< Start

Wasting perhaps too much time on optimizing assets in Jekyll

- But having a little fun in the process

09 Jun 2019

Due to a severe lack of things to do while my partner studies for her final exam for the semester, I decided to take a stab at making a personal web site. It started out as a very simple project, consisting of one HTML file, one CSS file, a font loaded from Google Fonts and some icons from Font Awesome. The page was to be hosted on Github Pages, mostly because I had never tried it out. To develop, I used one of the neat aliases I’ve accumulated over the years: serve. It looks like this:

alias serve="python3 -m http.server"

Running it causes $(pwd) to be served on http://localhost:8000. A simple trick that sometimes comes in handy.

Finally, it needed a domain, and voila: oscarnylander.dev was born.

The problem

Now, being a developer, I could of course not stop myself there. The page seemed to load fine and all, but I noticed when inspecting that my assets were naturally not minified. So, as always, I decided to see if someone else had a satisfying solution to the problem at hand: minifying un-minified code served on a Github Page (without having to check in the minified code).

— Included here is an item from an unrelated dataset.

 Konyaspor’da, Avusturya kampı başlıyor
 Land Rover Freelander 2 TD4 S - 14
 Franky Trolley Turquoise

From that research I learned a few things:

  1. Github Pages runs on Jekyll. I had heard about Jekyll before, I knew it was a static site generator written in Ruby, but I did not know much more.
  2. Github Pages runs a restricted version of Jekyll which does not allow you access to all the plugins that could normally be used to modify the behaviour of Jekyll. This could prove to be problematic.

Suggestions to remedy the problem of not having access to Jekyll plugins included having a separate repository where the underlying code lived and then pushing the artifacts of the build to the repository that served the Github Page. This seemed a rather inelegant solution, and for the very slight benefit of serving marginally smaller assets one that I would prefer not to use.

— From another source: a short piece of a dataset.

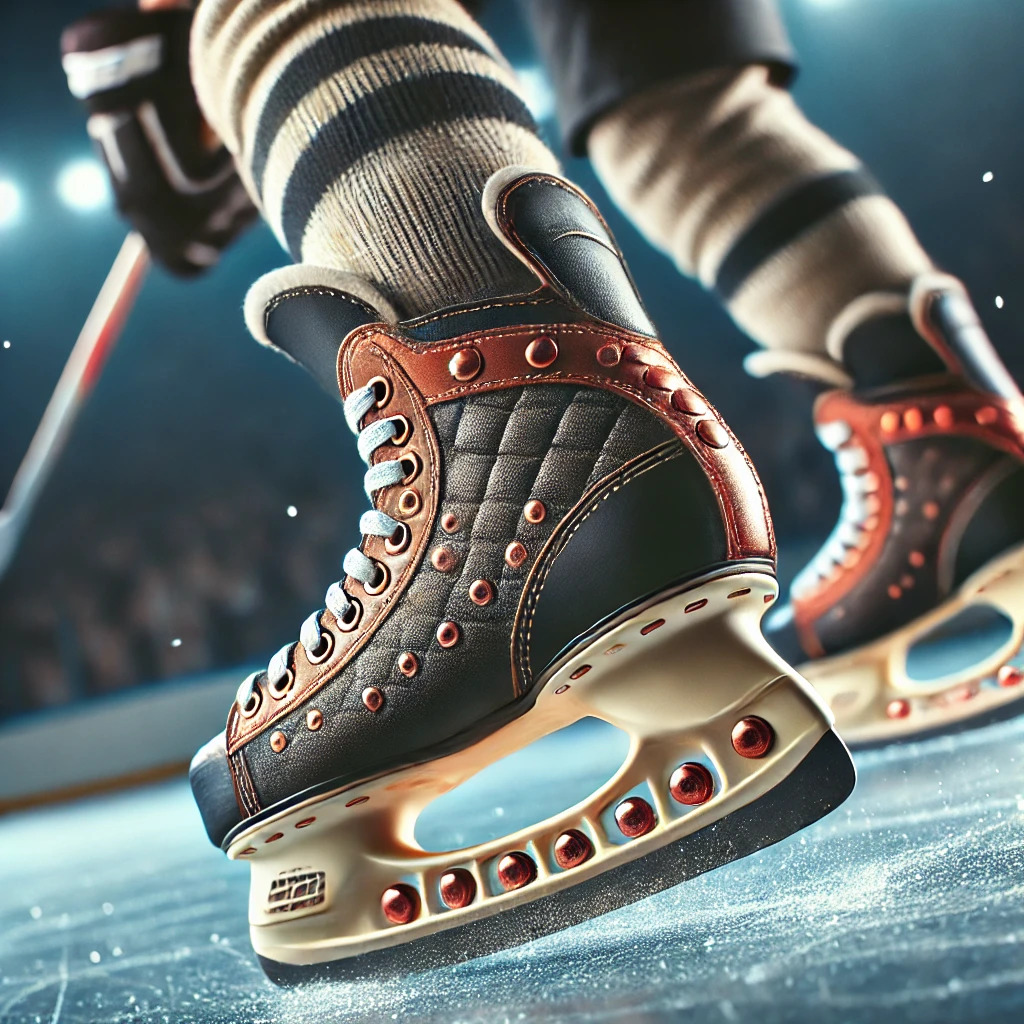 hockey skates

After searching a bit more I stumbled upon jekyll-compress-html, a solution written purely in the templating language employed by Jekyll: Liquid. Since this solution did not require any external plugins to be employed, it could be used without any problems with Github Pages. Fantastic! I added it right away.

Integration was straight forward: you simply had to download the Liquid template, and use it as a layout for what you actually wanted to serve. Sort of like a filter, if you will.

This did of course require me to refactor the site to a Jekyll-like structure and install the Github Pages-variant of Jekyll locally though. This was not that challenging, Github Pages does offer decent documentation on how to do this.

The out-of-the-box settings were mostly good, but I noticed that not all of the spaces that were used for indentation were completely stripped. I guess they could in some cases carry some significance. Solving this was fairly simple, though. I simply added the following section in the Jekyll _config.yml:

  clippings: all

And the white space was gone. Superb!


Now, on to the CSS!

Since there was essentially no CSS included on the site and as I had already set up Jekyll, I figured I might as well inline the CSS. This could be achieved by placing the CSS in an _includes-directory and then including it when building the page like this:

<style>{% include style.css %}</style>

jekyll-html-compress did take care of some of the minifying of the inlined styles, but not all. There were still a few white spaces that were not needed, and that simply would not do! So I went looking for alternative solutions. I then learned that Jekyll has out-of-the-box support for Sass, and can minify the Sass files it processes. Fantastic! As SCSS is a superset of CSS, I could then rename the CSS file from style.css to style.scss and update the inlining snippet to be the following:

{% capture inline_css %}
    {% include style.scss %}
{% endcapture %}
{{ inline_css | scssify }}

and adding the following section to the _config.yml:

  style: compressed

And all of a sudden, there was no longer any white space in the inlined CSS. Marvelous!

The Payoff

As I did not perform proper measurements of the size right before and right after enabling all the fixes, it’s not entirely straight forward to say how much impact these steps actually had on the final result, or if it would have mattered at all post-gzipping, which Github Pages does enable by default. However, I did test the page in Lighthouse in the Chrome Dev Tools, and can proudly say that my page has 100 in all categories (except for PWA which I don’t necessarily care about). Nice!